High School Students & Reading

The NAEP released a report on reading ability that indicates that, although scores for high school seniors have risen a few points from 2005, they are still below the level achieved almost twenty years ago. The difference in scores might appear insignificant (292/500 vs. 288/500). However the percentiles of achievement remain troubling. Only 38% of high school seniors performed “proficiently.” In fact, Secretary of Education, Arne Duncan, stated, “Today’s report suggests that high school seniors’ achievement in reading and math isn’t rising fast enough to prepare them to succeed in college and careers.”

First, let me admit that I began my professional experience as a high school English teacher. I have a Masters degree in British and American literature, so admittedly my viewpoint is somewhat biased. However, I firmly believe that exposure to challenging literature enriches the readers’ experiences in several ways. It not only enhances language skills (reading ability, vocabulary, and writing style), but it can also posit themes that challenge assumptions and beliefs. Therefore, when I assign novels and plays to my middle and high school students, I tend toward the “classics” of Western literature.

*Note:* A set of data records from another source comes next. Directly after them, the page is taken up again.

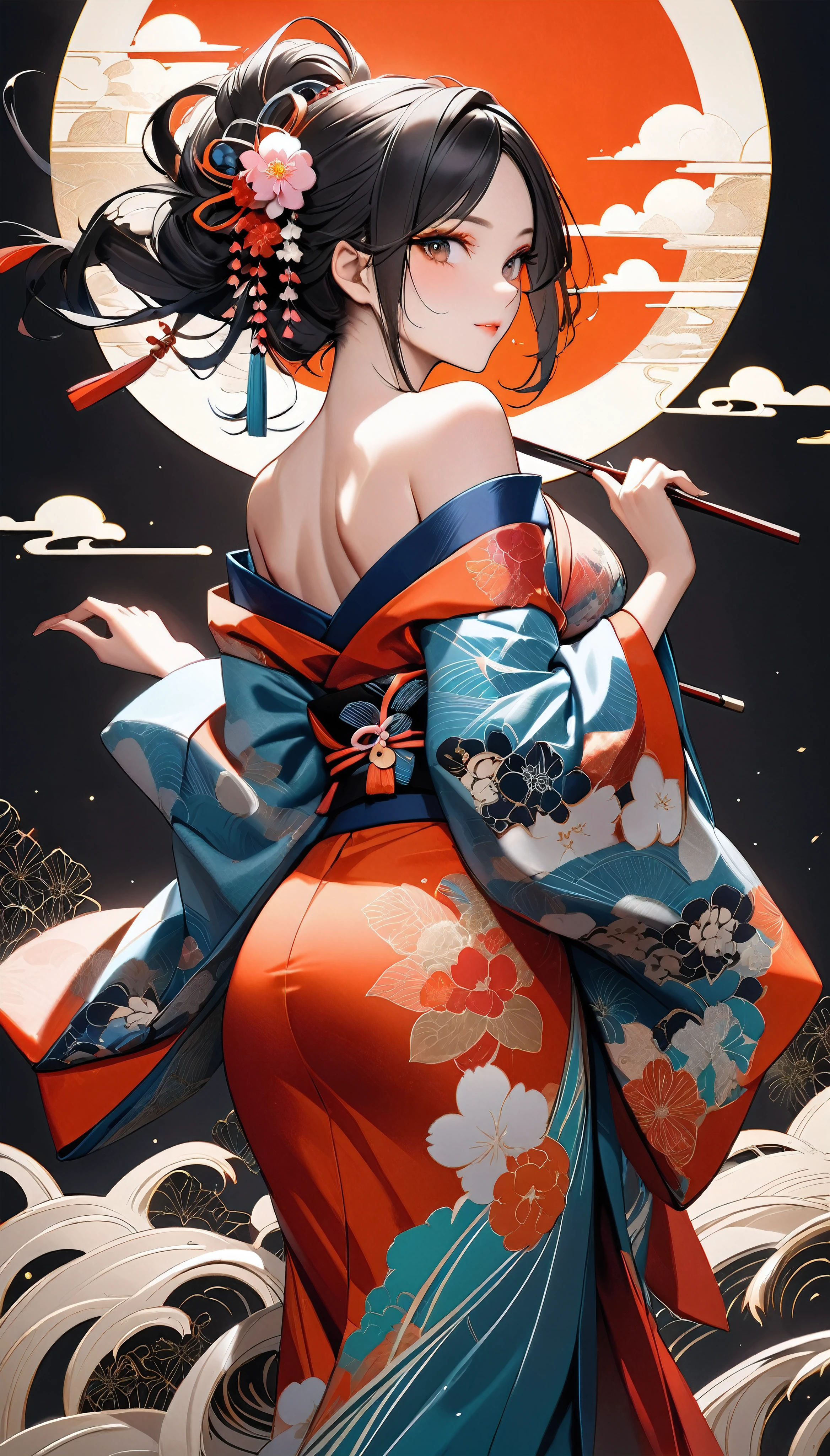 Sexy back, Mujer atractiva en kimono japonés tradicional, alone, Quimono sin tirantes y con hombros descubiertos, Cabello negro castaño oscuro, Textura de piel detallada y realista., Tonos de piel atractivos de alto contraste., Maquillaje suave y cautivador, BREAK Kimono japonés de lujo, Textura de seda detallada, Brillo de seda, Fino y flexible, Colores vibrantes, Tensión de la piel que acentúa el escote., BREAK Preciosos patrones en kimonos, Coloración detallada e intrincada., Alto contraste estético, piel saludable, BREAK Una composición atrevida que seduce al espectador, Estética absurda, Disparo de cuerpo entero BREAK, 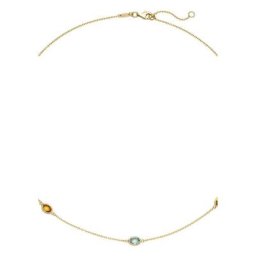 JOBO Collier, 585 Gold mit Amethyst Blautopas Citrin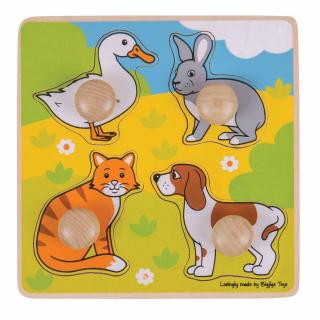 Primul meu puzzle - animale de companie, BIGJIGS Toys, 1-2 ani +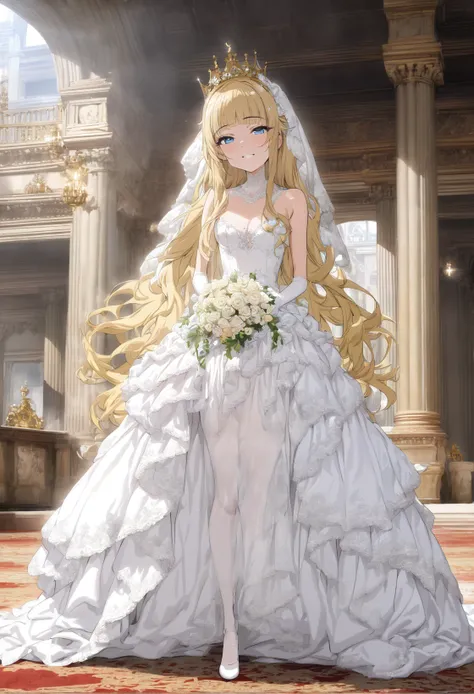 (masterpiece, best quality:1.2), 1girl, solo, long hair, blonde hair, blue eyes, crown, bride, smile, proud. cowboy shot, full body, indoors, palace, closeup  <lora:Princess sdxl_lora:1><lora:MeMaXL_V2:0.9>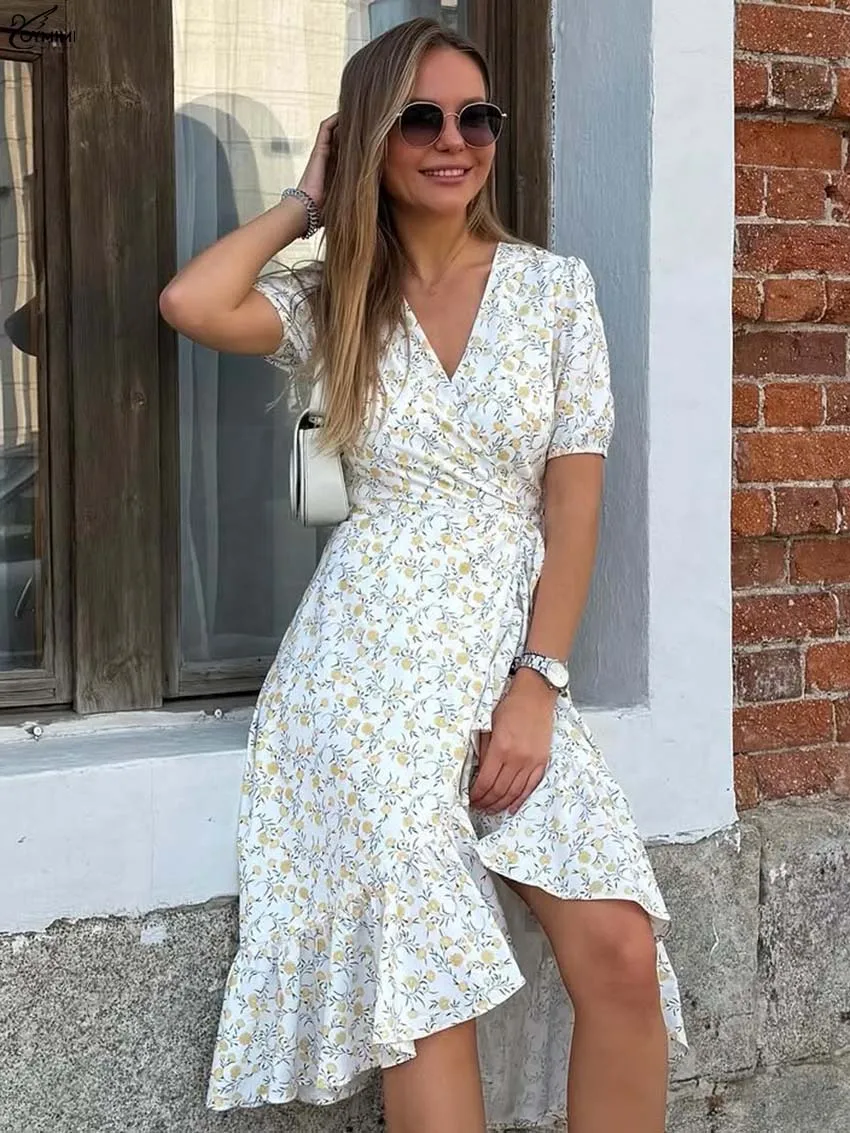 

Oymimi Fashion White Print Women's Dress Autumn V-Neck Short Sleeve Lace-Up Dresses Elegant Ruffled Mid-Calf Dresses Streetwear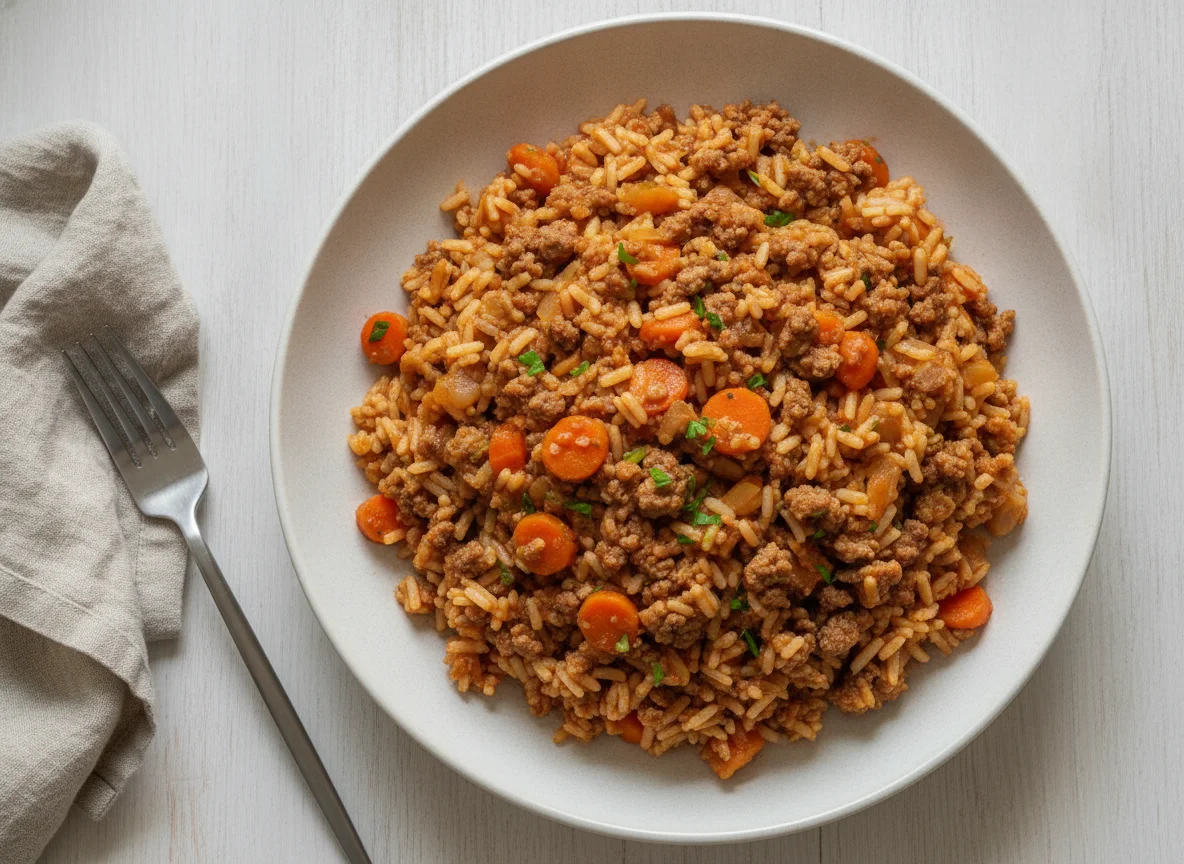 Hackfleisch-Pfanne mit Reis und Karotten photo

While some students in honors courses may be exposed to major literary themes and authors, many others manage to leave high school without having a broad base of literary exposure. At best, they may read an excerpt of a classic. Many schools do not require that all of their students include the following concepts and authors in their coursework: Aesop’s Fables, Greek, Roman, and Viking mythology, haikus, sonnets, Chaucer, Dante, Shakespeare, Dickens, Bronte, Hardy, Tolstoy, Chekhov, Dostoyevsky, to list just a few.
If a particular work presents potential difficulty to the students, I usually provide an introductory reading, to enable them to grasp the cadence of the language or sentence length. As one brief example, I recently asked students from a variety of school districts if they were familiar with the classic Christmas story by William Sydney Porter (aka O. Henry), “The Gift of the Magi.” Most were not, so I assigned the reading, along with a series of questions that I had devised to ascertain comprehension. Take a glance at the introductory paragraph, and compare it to the sentence structure and vocabulary of most contemporary literature.

“One dollar and eighty-seven cents. That was all. And sixty cents of it was in
pennies. Pennies saved one and two at a time by bulldozing the grocer and the
vegetable man and the butcher until one’s cheeks burned with the silent imputation
of parsimony that such close dealing implied. Three times Della counted it.
One dollar and eighty- seven cents. And the next day would be Christmas.”

Many high school students find the selection challenging. The short story provides opportunities for an analysis of writing style, vocabulary study, historical relevance, and theme in a few short pages. Provide opportunities for enrichment, and improvement will follow.